Many users have years or even decades of legacy materials they would like to bring into the 21st century. This could be thousands and thousands of pages of hard copy, PDF, SGML, or even XML that they need to be up to date in order to add it to their current cache of materials. It would be nice if there was a totally “lights-out” solution that would produce high quality results. Sorry to say that after working on hundreds of key projects over the years at DCL, I have learned that for the most part there is no silver bullet. That’s the “bad” news.

Here’s the “good” news: There are ways to help mitigate problems in a conversion project. The more you do and know upfront before your project begins, and the better you manage it during the process, the better your results will be. Hopefully this article will act as a knowledge share on the common pitfalls and solutions we’ve uncovered during DCL’s 35 years in business. I’d like to offer you an overview of our process and some of the tools we’ve developed to help in a semi-automated conversion process. Let’s first break down some common hurdles.

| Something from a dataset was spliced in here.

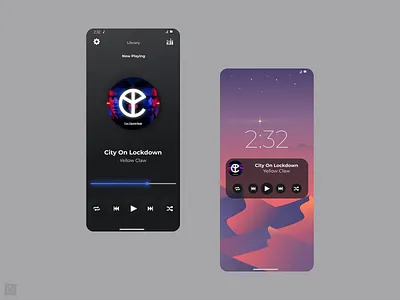 Music Player and Widget Screens app design glassmorphism glow minimal music neumorphism ui ui widget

Finding the inconsistencies in legacy content

Source material and legacy material spend years, decades, and in the case of paper, even centuries, stuck in their non-structured format. For each data source or each decade, different authors follow the beat of their own drum, and there are a variety of style guides. For example, callouts and/or citations can be superscript numbers, numbers in parentheses, or square brackets. The labels or figures in the table can be either fully spelled out or abbreviated. You can see how complexities can build up for projects like this.

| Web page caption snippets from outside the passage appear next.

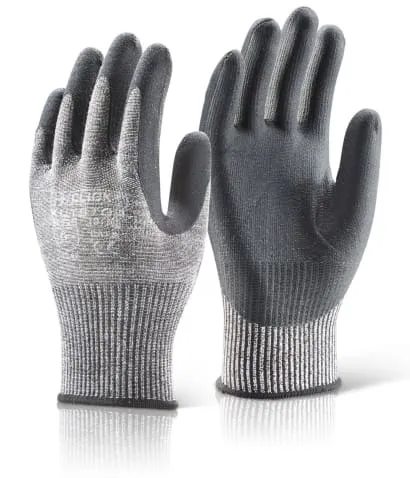 Kutstop Micro Foam Nitrile Cut 5 Safety Handling Glove (Pack Of 10) - Ks5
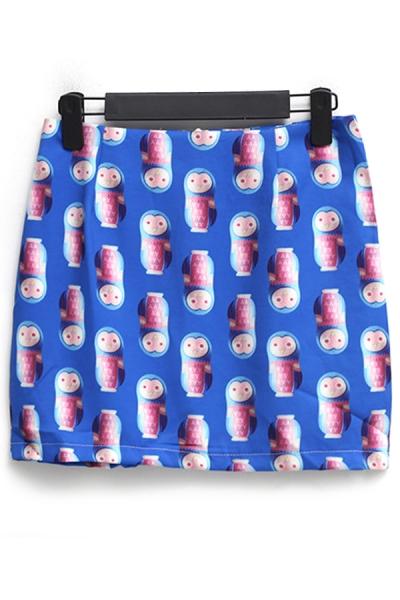 Oasap Cute Owl Print Skirt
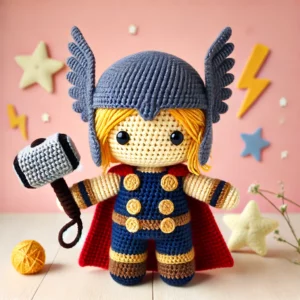 thor amigurumi crochet pattern for beginners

Tagging is tricky business

There are multiple ways to markup the same content and you’ll need to decide which way is best. Document Type Definitions, or DTDs, which define the structure of documents in a general way, also contain many tags that are optional, and also some of the tags can be used in multiple structures, with room for interpretation. Therefore, there is a need to make sure that tagging is done consistently, and in a way that properly interprets your materials. When converting, without specific rules, the XML will likely not be consistent and the resulting materials will not render consistently.

Visual versus content

Automated tools will often decide tagging based on the look of the page. But the goal of XML is to markup the content to retain its meaning, and that often means a need for human review.

Text extraction in PDFs.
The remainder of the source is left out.